The NCUA is slated to unveil proposed rules regulating loan participation by credit unions and providing additional regulatory flexibility at next Thursday’s meeting.
NCUA Chairman Debbie Matz telegraphed both rules during her speech at NAFCU’s Congressional Caucus in September.
Matz said that originators would have to retain some part of the loan risk and “cannot solely reap the rewards while exporting all of the risk to other credit unions.’’
She also said that the agency would expand some of the benefits that are currently only available to well-managed credit union under the Regulatory Flexibility program. The program exempts CAMEL 1 and CAMEL 2 from certain regulations, such as limiting charitable donations to nonprofit organizations promoting credit unions and requirements to stress test certain investments.

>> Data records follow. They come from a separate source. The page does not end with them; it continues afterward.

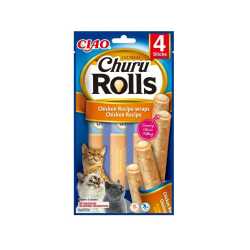 INABA Churu Rolls za mačke - Piletina 4x10g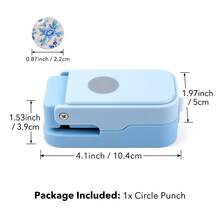 Stamp Circle Paper Punch, Suitable For Junk Journal And Scrapbooking, 1 Inch Nested Wavy Circle Lever Punch, Precise Alignment Hollow Design, For Card Making Crafts - A - View 17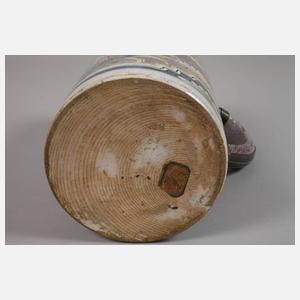 Erfurter Fayence-Walzenkrug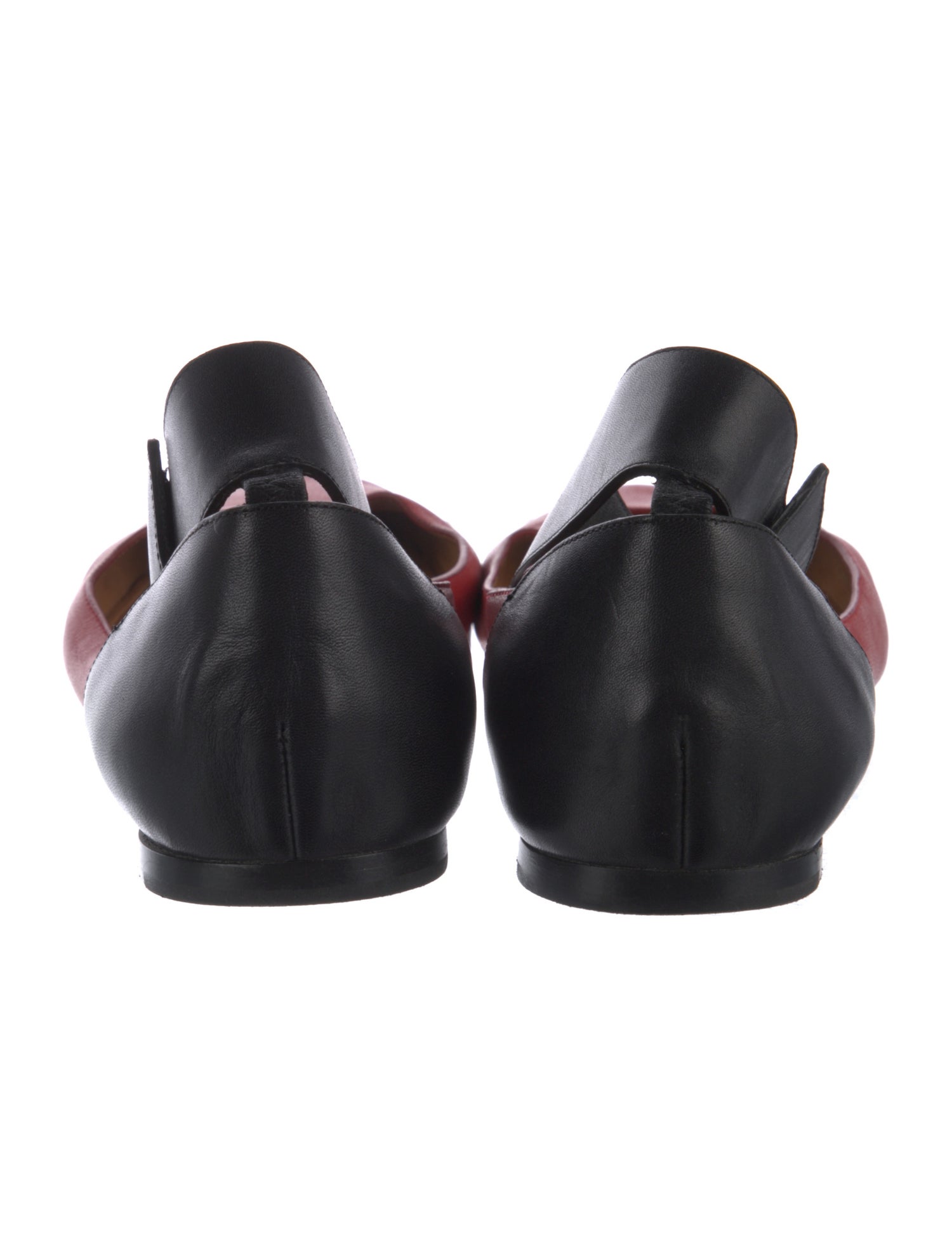 Chloé Leather Colorblock Pattern Ballet Flats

The only privilege that the NCUA cannot extend without permission from Congress is the ability to purchase eligible obligations from other federally insured CUs without regard to member status or the need to complete a secondary-market pool.

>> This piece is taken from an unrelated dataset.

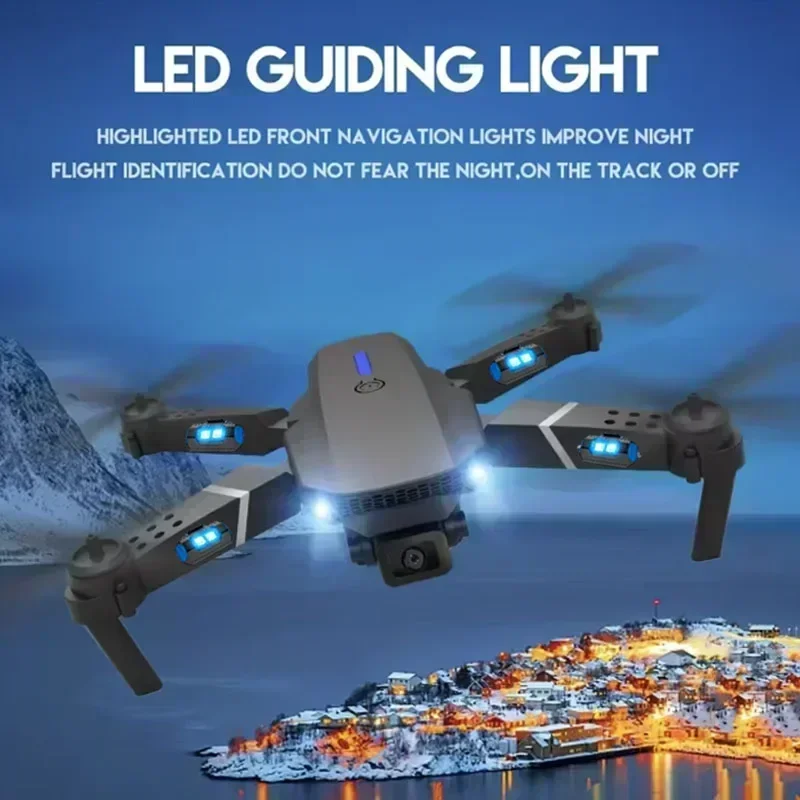E88 Pro WIFI FPV الطائرة بدون  - مراجعة Drone Rc App وسعره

The board also plans to approve the agency’s five-year strategic plan and its performance budget for next year.
In addition, NCUA CFO Mary Ann Woodson is scheduled to give a report on the health of the NCUSIF and the Temporary Corporate Credit Union Stabilization Fund.
During the past few months Woodson has reported declines in the percentage of insured shares in CAMEL 3, 4 and 5 credit unions.
The NCUA Board is also scheduled to hear a request from the $119 million Henrico FCU of Henrico, Va., to expand its community charter.
The meeting, the last scheduled one of the year, is set for 10 a.m. at the agency’s headquarters in Arlington, Va.